Sem contar com os patrocinadores privados (a Philips, que em colaboração com o artista Nick Smith, lançou The Big Picture, uma gigantesca "obra comunitária"; o grupo financeiro ING, com o projecto Friends Meet Again que "conecta música e artes plásticas com o público mais jovem"; a empresa de telecom KPN, o maior sponsor do Rijksmuseum, responsável por Closed to Vermeer, classificada como experiência online; a New Amsterdam Surf Association, uma "marca de streewear para surfistas" que criou um cardigã bordado retratando a leiteira, uma jaqueta azul simbolizando a saia da leiteira e um lenço de seda com a imagem do quadro A Rua Pequena apresentando uma prancha de surf; a Bonne Suits, marca de moda de Amesterdão, que concebeu uma linha de fatos e vestidos inspirados nas cores de Vermeer), sem contar com os patrocinadores privados, dizia, a Holanda inteira mobilizou-se para esta colossal operação cultural, comercial e turística, que compreende ainda em sintonia perfeita uma exposição no Museu Prinsenhof de Delft, terra natal do pintor, sobre a sua relação com a cidade; uma outra na Haia, à Mauritshuis, sobre Jacobus Vrel, precursor de Vermeer; mais outra, no mesmo local, para tapar o buraco aberto pelo empréstimo ao Rijksmuseum, por oito semanas, da Rapariga do Brinco de Pérola (também grafada no Google Translator como Moça do Brinco de Pérola). Intitulada My Girl with a Pearl, nela são expostos os produtos da convocatória feita à escala mundial, para que "as pessoas fizessem arte inspirada naquela pintura icónica". Visões variadas: para os mais democratas, um salutar exercício de abertura ao povo e de autogoverno estético; para os mais snobes, nova tragédia dos comuns, de resultados fatídicos e imprevisíveis, quase sempre kitsch. De lembrar ainda que em Delft há o Vermeer Centrum, quatro andares apertados sem um único quadro genuíno; a Igreja Velha, que o pintor pintou, com uma laje no chão a assinalar a sua sepultura, mais do que duvidosa; e um local chamado "Casa de Vermeer", que vem a ser uma loja de loiças, já que a morada verdadeira está há muito extinta (sobre a sua localização, existe até um livro detectivesco, Vermeer"s Little Street, de Frans Grijzenhout, de 2017). Em Delft há também uma recriação pastiche de A Leiteira, nas traseiras da Igreja Nova, e abundantíssimo comércio versando o pintor, com tudo o que possamos imaginar, de canecas de cerâmica a bolos e chocolates.

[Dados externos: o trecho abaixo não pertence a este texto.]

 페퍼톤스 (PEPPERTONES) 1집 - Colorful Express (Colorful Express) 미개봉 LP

Quanto à exposição de Amesterdão, não foi abundante nem frondoso o programa de publicações: além do catálogo de 320 páginas, em versões neerlandesa, inglesa, francesa e alemã, logo esgotado e reimpresso, editaram-se oficialmente a obra de Gregor Weber, atrás citada, e o livrinho para crianças Miffy x Vermeer, da autoria de Irma Boom, que cruza o pintor de Delft com a célebre coelhita branca criada por Dick Bruna em 1955, hoje omnipresente na paisagem urbana neerlandesa, e cujos livros já venderam mais de 100 milhões de cópias (falando em cópias, Bruna jurou até à morte que a nipónica Hello Kitty não passava de uma imitação barata e descaradíssima da sua caçapa branca). Talvez a pobreza calvinista da bibliografia tenha ficado a dever-se à constatação, óbvia e evidente, de que há já muito livro sobre Vermeer (a pesquisa pelo seu nome na Amazon americana devolveu mais de 5 mil entradas bibliográficas) e que as pessoas hoje preferem outro tipo de plataformas, mais digitais e feéricas.

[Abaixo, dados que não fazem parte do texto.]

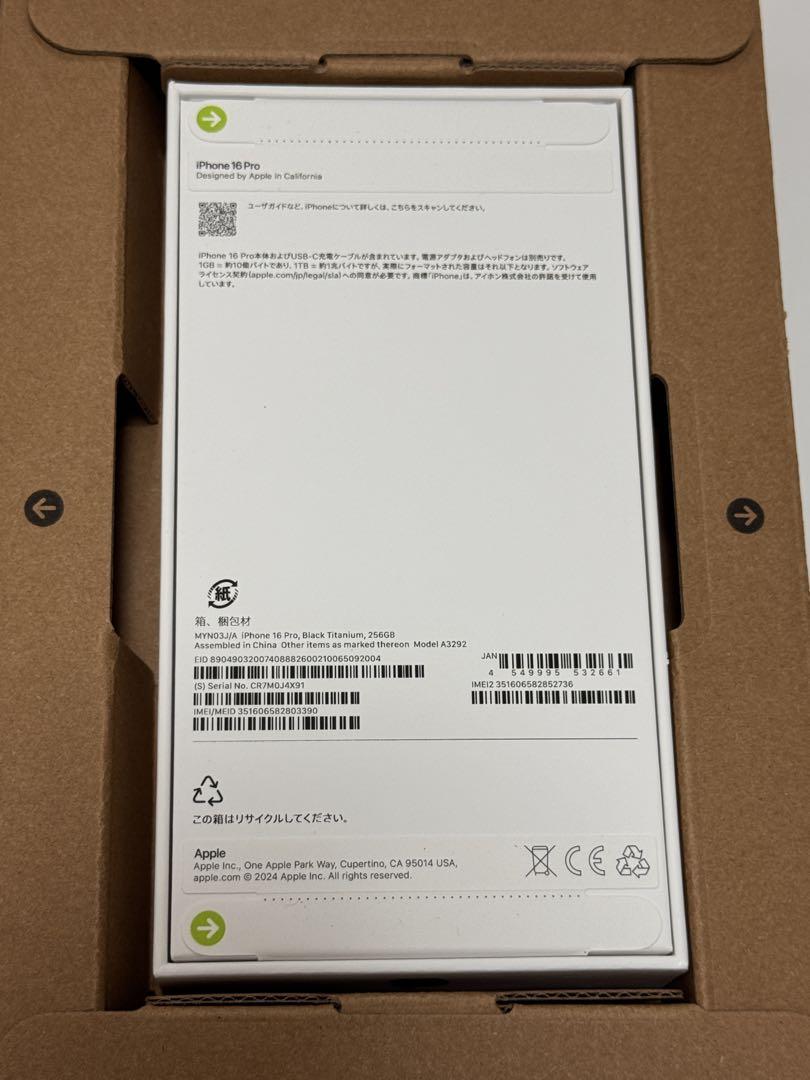 【新品未開封】 iPhone16 Pro ブラックチタニウム 256GB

A sofreguidão em ver Vermeer, que esgota 450 mil bilhetes em Amesterdão, não será muito diferente dos sentimentos daqueles que roubaram, mentiram, enganaram, quase mataram, só para o ter. Se não o estimássemos tanto, se não o valorizássemos e o apreciássemos até à loucura, outros não o furtariam, nem sequer o quereriam.
A exposição teve um timing preciso, era agora ou nunca. Explico: o director do Rijksmuseum, Taco Dibbits, teve zunzuns de que a Frick Collection, de Nova Iorque, iria fechar para obras e por isso estaria disposta, par une fois, a emprestar os quadros que lá tem, e que nos últimos 100 anos nunca atravessaram o Atlântico. Foi isso que espoletou ou despoletou esta loucura: juntadas as quatro telas do Rijksmuseum, mais as três da Mauritshuis, foi fácil convencer os restantes emprestadores, num total de 13 instituições de todo o mundo. Estranhamente, há muita transparência quanto à organização e logística, mas pouca ou nenhuma em matéria de finanças: entrevistado pela Bloomberg (8/2/2023), Taco Dibbits falou em despesas de "muitos milhões", devido ao preço dos seguros, mas declinou dizer ao certo quanto custou a coisa no seu todo, ou as receitas previstas.

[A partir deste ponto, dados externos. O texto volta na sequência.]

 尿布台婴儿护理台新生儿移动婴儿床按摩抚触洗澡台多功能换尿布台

Para quem lá vai, é difícil não ficar impressionado com a envergadura do happening, mesmo ignorando os detalhes intestinais, aqui sumariamente expostos. Carga que pende muito sobre o visitante, esmagando-o, obrigando-o a estar à altura do momento e do monumento, sobretudo porque associada à consciência de ter despendido 30 euros na entrada, tirando despesas de transporte e de alimentação, e, bem assim, à noção de que muita gente no mundo daria o dobro, o triplo, ou mesmo o décuplo pelo seu lugar (a organização estimou uma afluência potencial de 800 mil espectadores, mas decidiu só vender metade dos bilhetes, cerca de 450 mil).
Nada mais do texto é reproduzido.